Bayerische Motoren Werke AG joined Daimler AG’s Mercedes-Benz and Volkswagen AG’s Audi in reducing prices of spare parts in China amid an antitrust investigation into the auto industry.
BMW will cut prices on more than 2,000 components by an average of 20 percent starting Aug. 11, the Munich, Germany-based automaker said in an e-mailed statement late yesterday. The company also said its authorized dealerships will set up more outlets in large cities including Beijing and Shanghai to sell original parts to independent workshops to help provide consumers more choice.
China, home to the world’s largest auto market, is stepping up scrutiny over how much foreign automakers charge for vehicles and spare parts. The government began looking into possible antitrust violations in the auto industry at the end of 2011 as state media accused carmakers for inflating prices and overcharging consumers.
“We haven’t seen this been done by anyone else, they’re the first,” said Yang Song, an auto analyst at Barclays Capital Inc. in Hong Kong. “If NDRC really wants all the spares to be sold to independent workshops, then they really need to change the regulation instead of calling for price cuts.”
In the first seven months of the year, BMW has cut prices on more than 3,300 pieces of original parts by an average of 15 percent, of which 108 products were cut by 20 percent to 50 percent, according to the statement.
To widen access to original components, BMW’s dealers have set up outlets in the cities of Guangzhou and Hangzhou to sell the parts to independent repair workshops, with more planned for major cities, the company said.
“Recently, the National Development and Reform Commission’s Price Supervision and Anti-Monopoly Bureau expressed great concerns over existing problems in the auto industry and after-sales service sector,” BMW said in the statement. “BMW has been paying close attention and in response, is making the effort to bring down wholesale prices and promoting the flow of original parts.”
Toyota Motor Corp.’s Lexus unit is waiting to see the outcome of its talks with the NDRC before deciding on its actions, said Tokuo Fukuichi, president of Lexus International.
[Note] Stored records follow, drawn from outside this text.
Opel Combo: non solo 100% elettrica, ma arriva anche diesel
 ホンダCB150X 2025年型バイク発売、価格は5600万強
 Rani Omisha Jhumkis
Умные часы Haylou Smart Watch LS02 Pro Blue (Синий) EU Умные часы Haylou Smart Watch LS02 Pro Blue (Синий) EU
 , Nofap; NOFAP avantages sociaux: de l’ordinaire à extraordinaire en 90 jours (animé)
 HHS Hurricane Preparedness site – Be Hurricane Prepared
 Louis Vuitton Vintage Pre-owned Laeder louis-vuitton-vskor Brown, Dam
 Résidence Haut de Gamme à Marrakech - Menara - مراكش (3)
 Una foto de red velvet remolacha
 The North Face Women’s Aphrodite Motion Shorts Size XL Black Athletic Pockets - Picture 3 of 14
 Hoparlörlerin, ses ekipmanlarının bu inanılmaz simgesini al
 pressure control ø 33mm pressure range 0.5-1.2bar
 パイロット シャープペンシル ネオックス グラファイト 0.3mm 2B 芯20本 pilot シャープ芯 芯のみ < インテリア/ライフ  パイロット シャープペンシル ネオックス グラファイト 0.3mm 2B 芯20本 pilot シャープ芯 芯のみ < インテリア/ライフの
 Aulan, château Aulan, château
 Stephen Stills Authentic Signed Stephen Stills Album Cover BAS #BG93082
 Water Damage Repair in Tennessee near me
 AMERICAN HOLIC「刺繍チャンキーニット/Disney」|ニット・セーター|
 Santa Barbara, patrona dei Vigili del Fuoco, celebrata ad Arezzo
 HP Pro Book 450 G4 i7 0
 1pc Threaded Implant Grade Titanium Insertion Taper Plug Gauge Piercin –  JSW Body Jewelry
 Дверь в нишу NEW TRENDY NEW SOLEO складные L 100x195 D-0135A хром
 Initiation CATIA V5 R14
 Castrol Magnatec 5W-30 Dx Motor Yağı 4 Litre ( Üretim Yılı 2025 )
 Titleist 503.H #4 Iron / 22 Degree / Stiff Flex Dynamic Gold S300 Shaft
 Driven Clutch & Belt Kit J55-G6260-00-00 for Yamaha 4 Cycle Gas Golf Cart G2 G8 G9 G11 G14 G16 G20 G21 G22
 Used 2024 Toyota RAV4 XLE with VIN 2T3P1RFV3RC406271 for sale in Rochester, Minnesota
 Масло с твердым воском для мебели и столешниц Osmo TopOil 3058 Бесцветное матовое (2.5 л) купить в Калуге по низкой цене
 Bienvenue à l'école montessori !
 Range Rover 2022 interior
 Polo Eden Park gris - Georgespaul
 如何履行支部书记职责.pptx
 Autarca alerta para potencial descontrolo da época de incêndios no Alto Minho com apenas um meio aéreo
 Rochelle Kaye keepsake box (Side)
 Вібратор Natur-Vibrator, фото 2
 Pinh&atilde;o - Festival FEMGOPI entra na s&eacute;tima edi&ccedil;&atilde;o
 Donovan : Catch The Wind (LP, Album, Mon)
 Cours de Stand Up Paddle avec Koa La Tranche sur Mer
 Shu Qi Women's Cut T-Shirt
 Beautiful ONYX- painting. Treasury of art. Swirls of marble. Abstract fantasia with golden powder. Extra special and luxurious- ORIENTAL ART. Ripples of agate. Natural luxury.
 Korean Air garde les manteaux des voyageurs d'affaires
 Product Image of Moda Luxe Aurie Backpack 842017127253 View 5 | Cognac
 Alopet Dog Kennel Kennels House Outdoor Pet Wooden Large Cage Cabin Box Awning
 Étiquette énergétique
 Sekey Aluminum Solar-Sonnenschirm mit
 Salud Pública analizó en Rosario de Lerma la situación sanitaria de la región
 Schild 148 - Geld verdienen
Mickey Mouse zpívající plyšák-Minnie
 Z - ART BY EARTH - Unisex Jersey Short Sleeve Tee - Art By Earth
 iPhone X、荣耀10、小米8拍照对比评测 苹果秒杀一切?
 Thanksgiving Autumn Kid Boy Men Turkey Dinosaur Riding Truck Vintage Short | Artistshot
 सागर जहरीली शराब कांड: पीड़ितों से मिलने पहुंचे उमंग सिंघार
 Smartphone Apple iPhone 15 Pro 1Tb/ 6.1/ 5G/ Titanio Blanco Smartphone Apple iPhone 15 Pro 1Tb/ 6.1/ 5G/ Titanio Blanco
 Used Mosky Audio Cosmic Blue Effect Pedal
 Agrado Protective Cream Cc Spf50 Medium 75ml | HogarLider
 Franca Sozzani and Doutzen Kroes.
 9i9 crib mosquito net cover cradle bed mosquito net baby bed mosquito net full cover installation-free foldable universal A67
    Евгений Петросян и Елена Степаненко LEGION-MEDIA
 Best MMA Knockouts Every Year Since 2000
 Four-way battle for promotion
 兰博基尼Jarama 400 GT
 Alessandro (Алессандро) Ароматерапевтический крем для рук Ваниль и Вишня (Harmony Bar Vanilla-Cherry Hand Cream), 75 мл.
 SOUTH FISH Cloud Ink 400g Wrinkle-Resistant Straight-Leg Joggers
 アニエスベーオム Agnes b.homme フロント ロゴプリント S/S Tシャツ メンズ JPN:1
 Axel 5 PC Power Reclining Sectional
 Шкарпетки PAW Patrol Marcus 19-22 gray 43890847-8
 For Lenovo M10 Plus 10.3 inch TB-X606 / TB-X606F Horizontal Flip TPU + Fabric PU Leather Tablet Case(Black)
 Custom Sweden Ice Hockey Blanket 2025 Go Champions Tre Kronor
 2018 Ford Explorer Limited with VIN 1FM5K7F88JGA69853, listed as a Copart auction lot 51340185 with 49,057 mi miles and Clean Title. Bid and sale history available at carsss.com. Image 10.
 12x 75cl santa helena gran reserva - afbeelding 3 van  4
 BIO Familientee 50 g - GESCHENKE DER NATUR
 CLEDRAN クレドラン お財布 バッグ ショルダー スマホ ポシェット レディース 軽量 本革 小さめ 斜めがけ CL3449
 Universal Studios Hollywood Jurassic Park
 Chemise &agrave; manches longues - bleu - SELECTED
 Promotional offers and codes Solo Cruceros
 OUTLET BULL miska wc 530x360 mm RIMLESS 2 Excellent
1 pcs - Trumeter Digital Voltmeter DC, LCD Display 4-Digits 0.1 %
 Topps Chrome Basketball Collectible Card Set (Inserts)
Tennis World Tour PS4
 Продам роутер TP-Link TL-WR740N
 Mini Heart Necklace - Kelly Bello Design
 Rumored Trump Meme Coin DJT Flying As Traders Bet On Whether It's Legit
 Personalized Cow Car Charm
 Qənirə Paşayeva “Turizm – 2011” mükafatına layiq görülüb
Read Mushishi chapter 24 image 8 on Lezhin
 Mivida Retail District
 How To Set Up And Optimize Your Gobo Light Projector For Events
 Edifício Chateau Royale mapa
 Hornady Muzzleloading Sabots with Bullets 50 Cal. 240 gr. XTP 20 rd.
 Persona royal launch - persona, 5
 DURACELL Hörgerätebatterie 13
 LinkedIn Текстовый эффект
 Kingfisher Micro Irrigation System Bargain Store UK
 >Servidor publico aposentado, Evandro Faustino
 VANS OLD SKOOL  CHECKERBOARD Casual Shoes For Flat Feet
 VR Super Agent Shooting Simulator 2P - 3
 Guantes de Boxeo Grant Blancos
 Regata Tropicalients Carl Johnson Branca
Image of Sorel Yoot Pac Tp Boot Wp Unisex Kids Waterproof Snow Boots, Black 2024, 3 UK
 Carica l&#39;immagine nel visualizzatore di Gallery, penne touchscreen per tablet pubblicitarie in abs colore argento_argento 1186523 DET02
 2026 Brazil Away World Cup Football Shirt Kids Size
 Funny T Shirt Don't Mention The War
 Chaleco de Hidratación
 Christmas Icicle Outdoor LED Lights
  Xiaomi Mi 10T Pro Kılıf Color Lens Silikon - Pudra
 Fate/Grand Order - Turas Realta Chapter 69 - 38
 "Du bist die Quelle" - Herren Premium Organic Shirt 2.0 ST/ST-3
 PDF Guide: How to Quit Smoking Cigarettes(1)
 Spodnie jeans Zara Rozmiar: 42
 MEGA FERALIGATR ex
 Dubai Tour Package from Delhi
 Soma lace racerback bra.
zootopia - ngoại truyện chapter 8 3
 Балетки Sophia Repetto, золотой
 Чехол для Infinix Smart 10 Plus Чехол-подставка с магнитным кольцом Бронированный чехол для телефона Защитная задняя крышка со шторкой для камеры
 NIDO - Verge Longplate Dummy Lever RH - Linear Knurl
The company’s China unit is cooperating fully with the regulator, he said today in Japan.
Antitrust officials in eastern Jiangsu province have begun investigations of Mercedes-Benz dealers in five cities including Suzhou and Wuxi, while Mercedes-Benz’s Shanghai office was raided by local NDRC officials, NDRC spokesman Li Pumin said in a briefing in Beijing this week. The government will also soon punish Chrysler Group LLC and Audi for engaging in monopolistic actions, he said.
Daimler plans to cut spare-part prices for its Mercedes-Benz vehicles in China by an average of 15 percent starting next month, while Audi’s Chinese joint venture said in late July that the brand would lower replacement costs of its parts by as much as 38 percent on Aug. 1.
The NDRC is undertaking the investigation to protect the competitive order of the auto industry and to safeguard consumer interests, Li said at this week’s briefing. The commission has completed an investigation into 12 Japanese companies and will soon announce the actions it will take, he said.